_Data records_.
*** Block opens ***
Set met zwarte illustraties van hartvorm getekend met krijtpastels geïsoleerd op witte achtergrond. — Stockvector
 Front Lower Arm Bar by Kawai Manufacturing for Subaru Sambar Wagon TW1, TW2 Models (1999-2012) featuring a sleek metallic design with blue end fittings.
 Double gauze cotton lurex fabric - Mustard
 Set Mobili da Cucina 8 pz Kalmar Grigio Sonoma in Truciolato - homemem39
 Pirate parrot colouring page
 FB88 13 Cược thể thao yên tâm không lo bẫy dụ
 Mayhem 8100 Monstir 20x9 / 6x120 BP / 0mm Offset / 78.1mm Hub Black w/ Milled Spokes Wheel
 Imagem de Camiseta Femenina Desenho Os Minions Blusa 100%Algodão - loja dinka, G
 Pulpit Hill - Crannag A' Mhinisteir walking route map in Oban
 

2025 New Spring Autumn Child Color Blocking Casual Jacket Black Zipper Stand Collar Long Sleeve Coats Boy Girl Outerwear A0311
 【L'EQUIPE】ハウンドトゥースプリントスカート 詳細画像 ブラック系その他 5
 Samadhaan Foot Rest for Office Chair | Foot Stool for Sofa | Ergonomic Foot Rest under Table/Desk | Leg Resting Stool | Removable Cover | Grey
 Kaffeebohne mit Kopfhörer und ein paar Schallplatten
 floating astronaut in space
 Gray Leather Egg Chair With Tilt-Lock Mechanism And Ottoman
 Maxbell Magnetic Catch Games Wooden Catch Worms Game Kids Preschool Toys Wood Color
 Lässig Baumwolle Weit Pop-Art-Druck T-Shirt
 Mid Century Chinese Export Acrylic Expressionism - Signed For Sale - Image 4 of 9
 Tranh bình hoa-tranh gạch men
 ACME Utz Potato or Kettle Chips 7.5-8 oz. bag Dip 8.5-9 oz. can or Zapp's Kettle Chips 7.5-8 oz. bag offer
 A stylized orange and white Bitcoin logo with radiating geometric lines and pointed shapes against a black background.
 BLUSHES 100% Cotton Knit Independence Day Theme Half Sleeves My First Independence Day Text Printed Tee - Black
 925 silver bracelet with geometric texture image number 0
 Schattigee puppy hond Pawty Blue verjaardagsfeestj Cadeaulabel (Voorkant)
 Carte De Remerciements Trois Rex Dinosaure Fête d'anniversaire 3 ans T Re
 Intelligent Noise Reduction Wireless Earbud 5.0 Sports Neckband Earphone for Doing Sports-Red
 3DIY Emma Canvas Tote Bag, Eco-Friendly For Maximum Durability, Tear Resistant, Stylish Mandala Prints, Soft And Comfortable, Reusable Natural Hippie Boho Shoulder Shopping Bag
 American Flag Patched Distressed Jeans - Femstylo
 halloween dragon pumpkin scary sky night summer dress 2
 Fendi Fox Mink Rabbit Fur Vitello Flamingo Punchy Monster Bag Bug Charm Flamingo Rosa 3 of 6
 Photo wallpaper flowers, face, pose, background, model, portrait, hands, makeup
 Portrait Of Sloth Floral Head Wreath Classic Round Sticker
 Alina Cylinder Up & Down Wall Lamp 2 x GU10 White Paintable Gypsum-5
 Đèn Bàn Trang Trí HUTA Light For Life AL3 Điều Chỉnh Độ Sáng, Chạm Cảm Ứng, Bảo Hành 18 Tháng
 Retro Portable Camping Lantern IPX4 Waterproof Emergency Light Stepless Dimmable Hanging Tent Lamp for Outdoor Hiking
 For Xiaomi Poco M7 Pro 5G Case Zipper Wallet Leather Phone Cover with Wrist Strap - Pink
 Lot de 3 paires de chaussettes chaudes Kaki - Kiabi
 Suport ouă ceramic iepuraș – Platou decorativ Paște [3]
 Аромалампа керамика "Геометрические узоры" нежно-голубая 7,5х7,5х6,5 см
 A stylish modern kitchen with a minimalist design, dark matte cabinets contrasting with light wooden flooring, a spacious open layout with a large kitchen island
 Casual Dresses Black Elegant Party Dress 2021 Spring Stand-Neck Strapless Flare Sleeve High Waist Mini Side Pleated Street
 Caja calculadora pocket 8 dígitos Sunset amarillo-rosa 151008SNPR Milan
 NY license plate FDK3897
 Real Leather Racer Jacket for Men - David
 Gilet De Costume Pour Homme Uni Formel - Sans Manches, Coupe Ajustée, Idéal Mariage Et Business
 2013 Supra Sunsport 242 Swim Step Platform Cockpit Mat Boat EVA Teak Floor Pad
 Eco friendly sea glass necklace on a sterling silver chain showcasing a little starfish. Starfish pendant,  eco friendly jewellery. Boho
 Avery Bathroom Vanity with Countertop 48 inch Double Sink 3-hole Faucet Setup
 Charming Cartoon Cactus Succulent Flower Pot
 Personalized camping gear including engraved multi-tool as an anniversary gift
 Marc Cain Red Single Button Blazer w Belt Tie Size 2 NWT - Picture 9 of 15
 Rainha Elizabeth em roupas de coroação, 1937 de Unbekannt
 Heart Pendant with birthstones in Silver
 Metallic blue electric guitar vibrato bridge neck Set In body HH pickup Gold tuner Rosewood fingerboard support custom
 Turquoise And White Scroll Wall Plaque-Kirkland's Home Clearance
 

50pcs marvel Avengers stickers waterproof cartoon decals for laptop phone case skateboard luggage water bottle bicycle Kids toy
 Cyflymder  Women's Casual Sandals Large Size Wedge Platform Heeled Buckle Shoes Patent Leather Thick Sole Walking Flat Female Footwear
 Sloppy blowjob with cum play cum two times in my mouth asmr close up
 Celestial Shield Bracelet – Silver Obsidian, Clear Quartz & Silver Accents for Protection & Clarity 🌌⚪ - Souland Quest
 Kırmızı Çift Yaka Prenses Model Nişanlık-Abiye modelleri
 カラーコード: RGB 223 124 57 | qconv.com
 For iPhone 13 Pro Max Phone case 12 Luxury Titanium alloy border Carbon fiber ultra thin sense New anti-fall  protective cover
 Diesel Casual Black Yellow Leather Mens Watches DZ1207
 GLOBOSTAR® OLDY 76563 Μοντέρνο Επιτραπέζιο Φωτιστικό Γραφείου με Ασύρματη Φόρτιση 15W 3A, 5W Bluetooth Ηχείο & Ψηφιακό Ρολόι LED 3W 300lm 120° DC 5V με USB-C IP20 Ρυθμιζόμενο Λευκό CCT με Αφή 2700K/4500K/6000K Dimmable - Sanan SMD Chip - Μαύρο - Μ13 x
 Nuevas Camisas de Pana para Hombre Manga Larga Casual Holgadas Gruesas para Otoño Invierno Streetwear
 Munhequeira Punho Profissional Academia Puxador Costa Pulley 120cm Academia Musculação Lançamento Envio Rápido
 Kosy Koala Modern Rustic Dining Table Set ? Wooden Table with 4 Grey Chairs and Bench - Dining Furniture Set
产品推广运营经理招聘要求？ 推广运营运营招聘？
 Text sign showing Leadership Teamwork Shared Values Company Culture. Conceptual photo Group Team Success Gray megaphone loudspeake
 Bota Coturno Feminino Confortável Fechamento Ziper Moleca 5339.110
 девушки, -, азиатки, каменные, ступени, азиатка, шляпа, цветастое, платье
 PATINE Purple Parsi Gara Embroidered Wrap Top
*** Block closes ***
_What the exercise asks_.
Please copy, exactly and with nothing else, the lines above beginning at the line that has "portrait, hands, makeup" and ending with the line that has "Marc Cain Red".

_Written response_.
 Photo wallpaper flowers, face, pose, background, model, portrait, hands, makeup
 Portrait Of Sloth Floral Head Wreath Classic Round Sticker
 Alina Cylinder Up & Down Wall Lamp 2 x GU10 White Paintable Gypsum-5
 Đèn Bàn Trang Trí HUTA Light For Life AL3 Điều Chỉnh Độ Sáng, Chạm Cảm Ứng, Bảo Hành 18 Tháng
 Retro Portable Camping Lantern IPX4 Waterproof Emergency Light Stepless Dimmable Hanging Tent Lamp for Outdoor Hiking
 For Xiaomi Poco M7 Pro 5G Case Zipper Wallet Leather Phone Cover with Wrist Strap - Pink
 Lot de 3 paires de chaussettes chaudes Kaki - Kiabi
 Suport ouă ceramic iepuraș – Platou decorativ Paște [3]
 Аромалампа керамика "Геометрические узоры" нежно-голубая 7,5х7,5х6,5 см
 A stylish modern kitchen with a minimalist design, dark matte cabinets contrasting with light wooden flooring, a spacious open layout with a large kitchen island
 Casual Dresses Black Elegant Party Dress 2021 Spring Stand-Neck Strapless Flare Sleeve High Waist Mini Side Pleated Street
 Caja calculadora pocket 8 dígitos Sunset amarillo-rosa 151008SNPR Milan
 NY license plate FDK3897
 Real Leather Racer Jacket for Men - David
 Gilet De Costume Pour Homme Uni Formel - Sans Manches, Coupe Ajustée, Idéal Mariage Et Business
 2013 Supra Sunsport 242 Swim Step Platform Cockpit Mat Boat EVA Teak Floor Pad
 Eco friendly sea glass necklace on a sterling silver chain showcasing a little starfish. Starfish pendant,  eco friendly jewellery. Boho
 Avery Bathroom Vanity with Countertop 48 inch Double Sink 3-hole Faucet Setup
 Charming Cartoon Cactus Succulent Flower Pot
 Personalized camping gear including engraved multi-tool as an anniversary gift
 Marc Cain Red Single Button Blazer w Belt Tie Size 2 NWT - Picture 9 of 15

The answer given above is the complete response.